§ TASK: Once you find the line with "Lots of colored" in the data that follows, repeat it and every line after it exactly, through the line with "och avslappnade dagar.".

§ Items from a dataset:

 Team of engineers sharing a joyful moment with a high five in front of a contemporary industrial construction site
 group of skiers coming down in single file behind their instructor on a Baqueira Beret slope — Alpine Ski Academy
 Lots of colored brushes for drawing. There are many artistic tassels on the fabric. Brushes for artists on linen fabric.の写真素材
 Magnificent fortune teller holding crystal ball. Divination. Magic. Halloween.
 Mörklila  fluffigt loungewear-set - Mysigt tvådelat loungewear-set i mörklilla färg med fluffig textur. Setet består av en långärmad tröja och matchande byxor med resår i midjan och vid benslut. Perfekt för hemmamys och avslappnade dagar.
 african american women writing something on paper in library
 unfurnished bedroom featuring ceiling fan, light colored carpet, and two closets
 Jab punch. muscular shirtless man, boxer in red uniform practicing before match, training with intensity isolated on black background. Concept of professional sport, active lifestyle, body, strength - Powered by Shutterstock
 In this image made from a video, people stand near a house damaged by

--

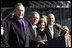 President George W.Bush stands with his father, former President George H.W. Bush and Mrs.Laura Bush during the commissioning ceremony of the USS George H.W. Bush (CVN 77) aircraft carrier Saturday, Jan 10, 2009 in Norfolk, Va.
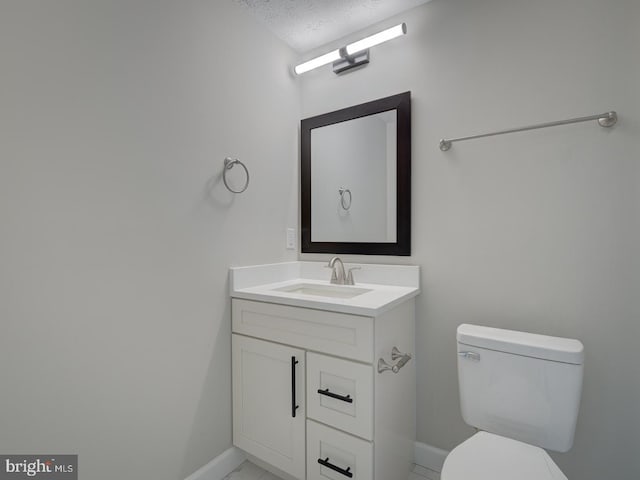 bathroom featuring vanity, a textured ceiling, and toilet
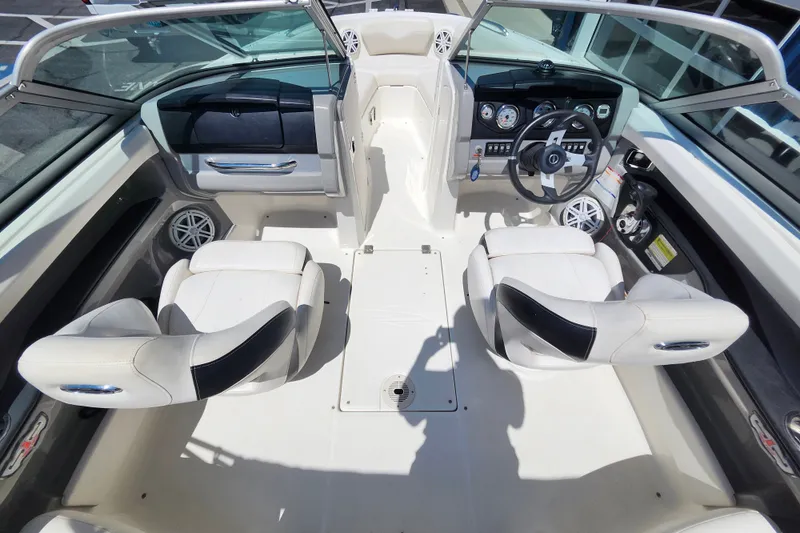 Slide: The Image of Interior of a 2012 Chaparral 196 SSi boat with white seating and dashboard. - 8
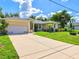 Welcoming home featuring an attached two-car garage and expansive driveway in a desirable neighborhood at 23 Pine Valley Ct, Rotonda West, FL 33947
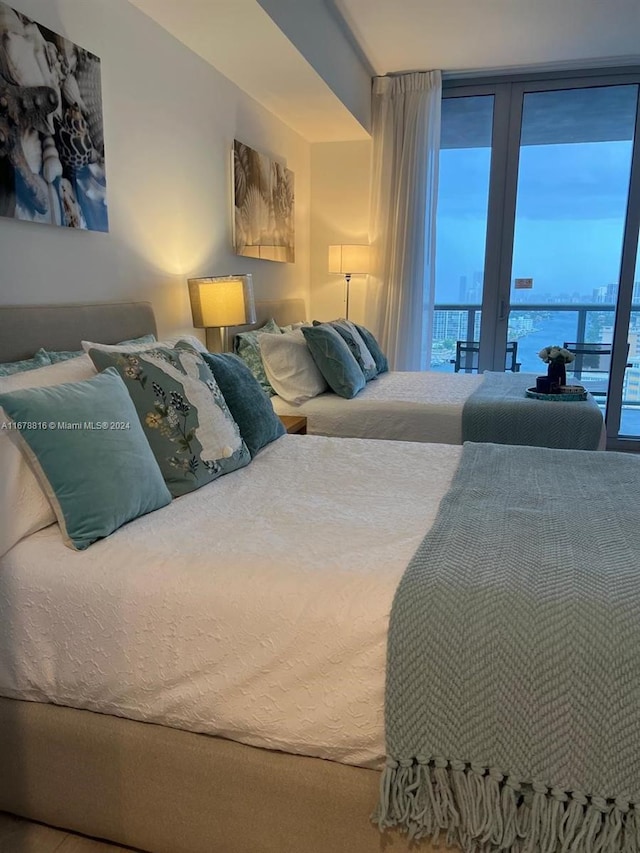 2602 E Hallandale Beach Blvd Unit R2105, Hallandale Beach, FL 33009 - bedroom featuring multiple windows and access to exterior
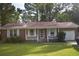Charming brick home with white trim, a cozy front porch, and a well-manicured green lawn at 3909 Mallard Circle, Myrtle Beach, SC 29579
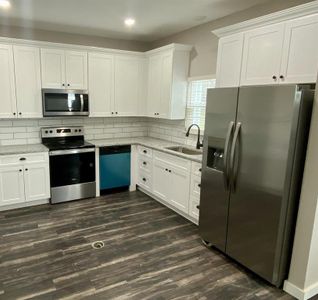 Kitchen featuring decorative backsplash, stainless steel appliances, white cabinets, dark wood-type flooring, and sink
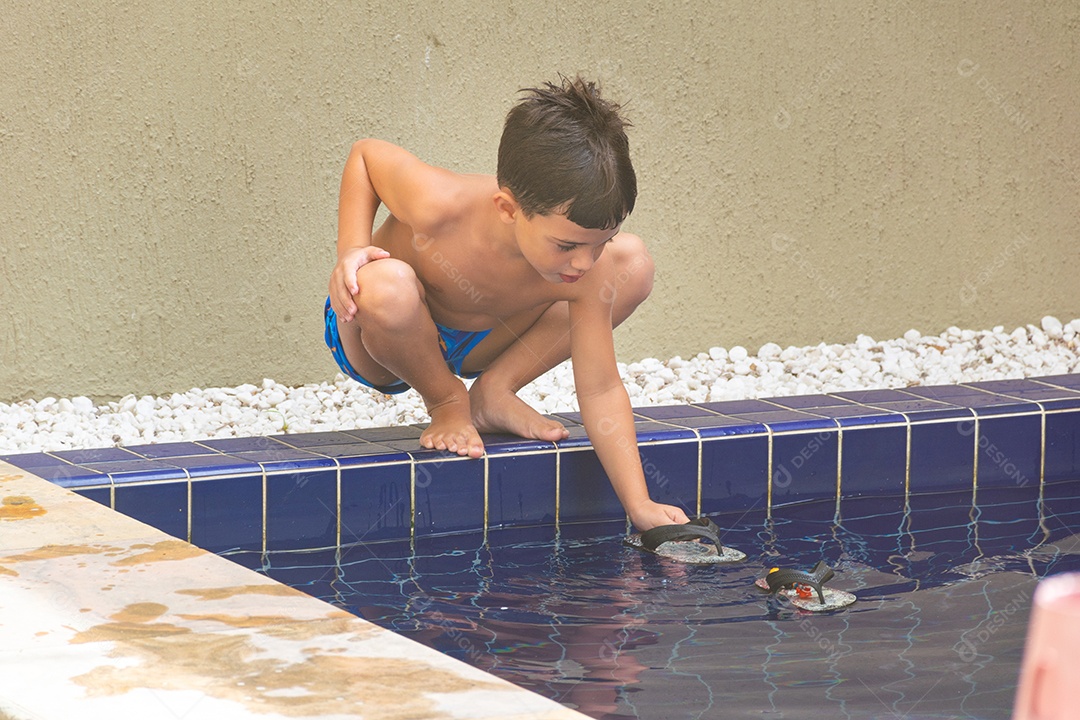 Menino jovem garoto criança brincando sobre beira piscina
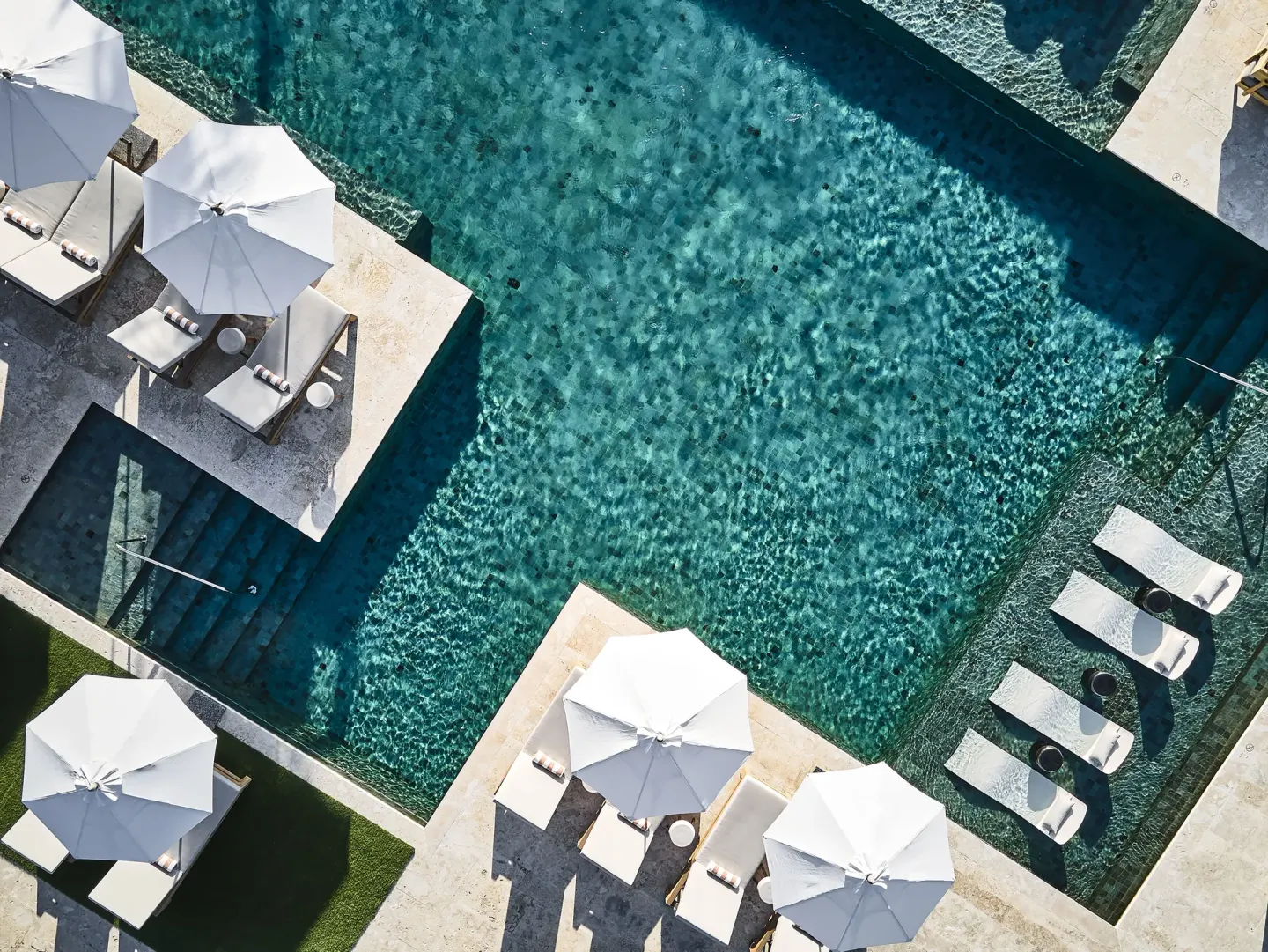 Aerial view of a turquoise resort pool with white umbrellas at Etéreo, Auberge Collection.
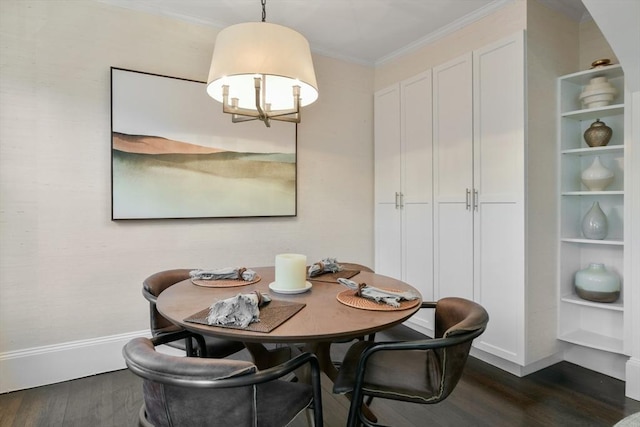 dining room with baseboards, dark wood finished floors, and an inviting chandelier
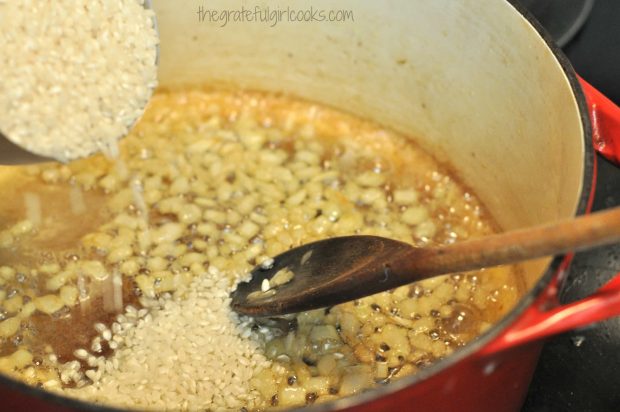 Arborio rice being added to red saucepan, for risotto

==

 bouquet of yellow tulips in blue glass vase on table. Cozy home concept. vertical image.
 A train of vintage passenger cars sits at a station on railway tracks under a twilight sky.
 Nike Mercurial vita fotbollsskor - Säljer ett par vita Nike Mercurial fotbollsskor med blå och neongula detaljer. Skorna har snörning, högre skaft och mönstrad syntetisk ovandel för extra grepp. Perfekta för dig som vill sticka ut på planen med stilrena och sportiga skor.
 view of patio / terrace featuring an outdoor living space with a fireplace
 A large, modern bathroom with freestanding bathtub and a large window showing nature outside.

§ RESULT BELOW:
 Lots of colored brushes for drawing. There are many artistic tassels on the fabric. Brushes for artists on linen fabric.の写真素材
 Magnificent fortune teller holding crystal ball. Divination. Magic. Halloween.
 Mörklila  fluffigt loungewear-set - Mysigt tvådelat loungewear-set i mörklilla färg med fluffig textur. Setet består av en långärmad tröja och matchande byxor med resår i midjan och vid benslut. Perfekt för hemmamys och avslappnade dagar.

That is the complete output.